When the records are reproduced, each one must match exactly, and no picture may be kept.

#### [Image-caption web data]
━━━━━━━━━━

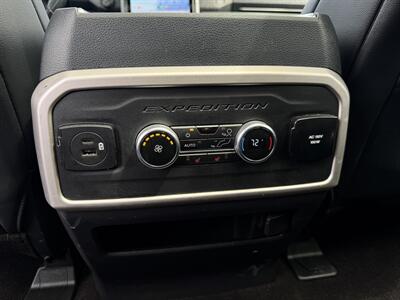 2022 Ford Expedition MAX Limited   - Photo 16 - Andover, MN 55304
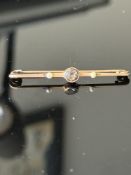 9ct Gold pin brooch set with smokey quarts & seed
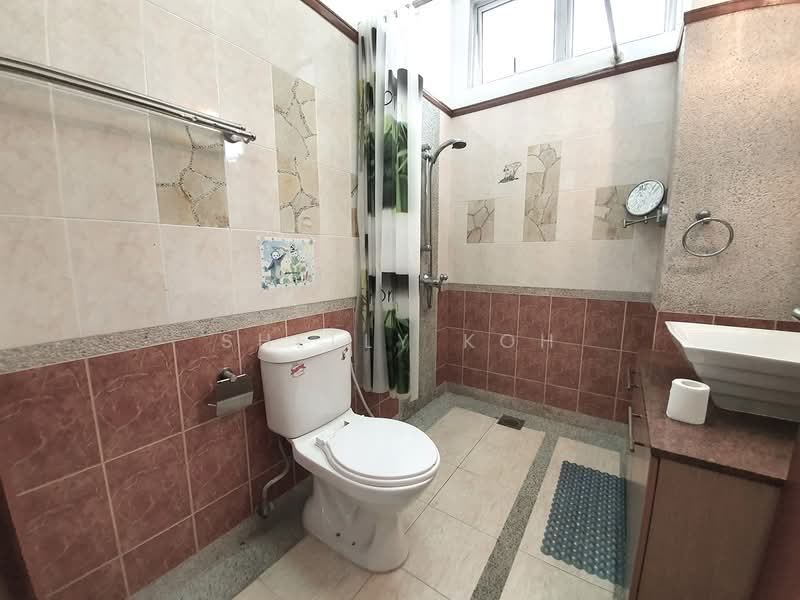 Tavistock Avenue - Serangoon Garden Estate, Tavistock Avenue, 6 Bedrooms, 5,600 sqft, Semi-Detached House For Rent, by Shelly Koh, 500218819 - Bathroom - PropertyGuru.com.sg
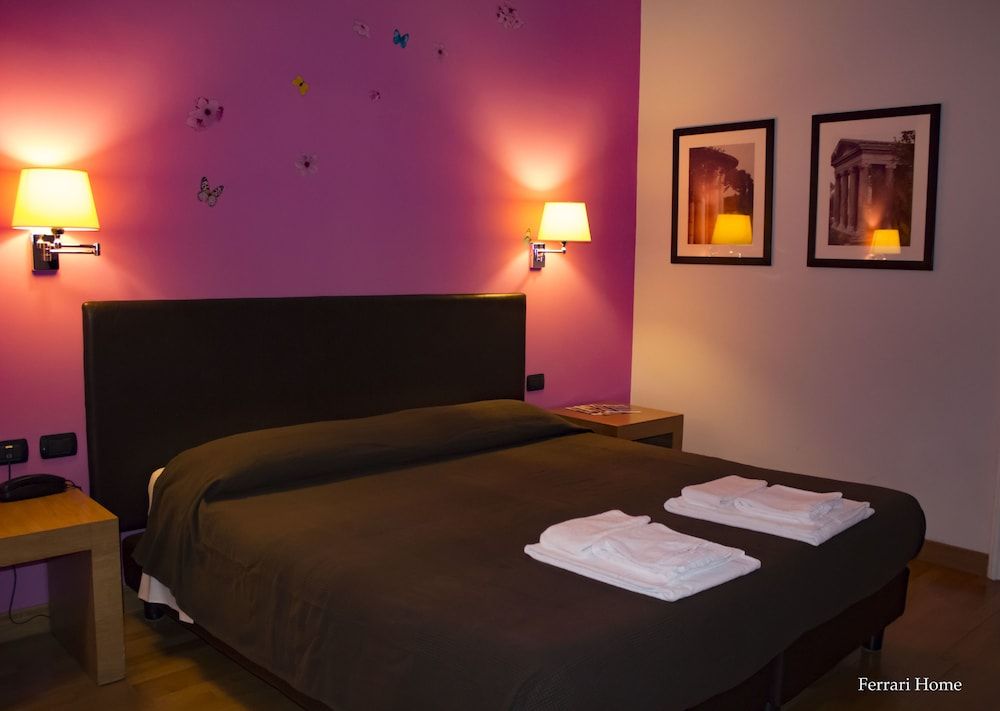 undefined Ferrari Home 2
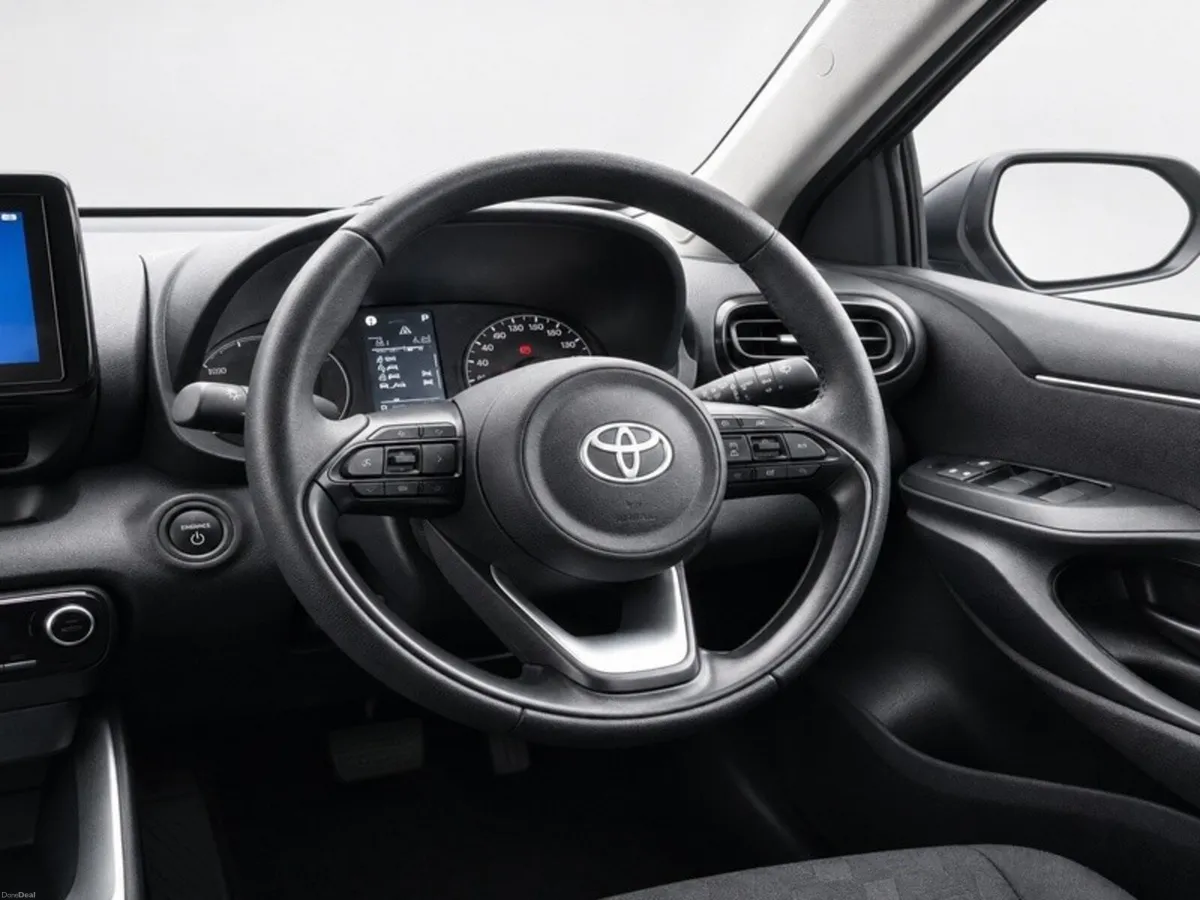 Toyota Yaris Hev Luna - Image 6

━━━━━━━━━━

#### [Response to the task]
 2022 Ford Expedition MAX Limited   - Photo 16 - Andover, MN 55304
 9ct Gold pin brooch set with smokey quarts & seed
 Tavistock Avenue - Serangoon Garden Estate, Tavistock Avenue, 6 Bedrooms, 5,600 sqft, Semi-Detached House For Rent, by Shelly Koh, 500218819 - Bathroom - PropertyGuru.com.sg
 undefined Ferrari Home 2
 Toyota Yaris Hev Luna - Image 6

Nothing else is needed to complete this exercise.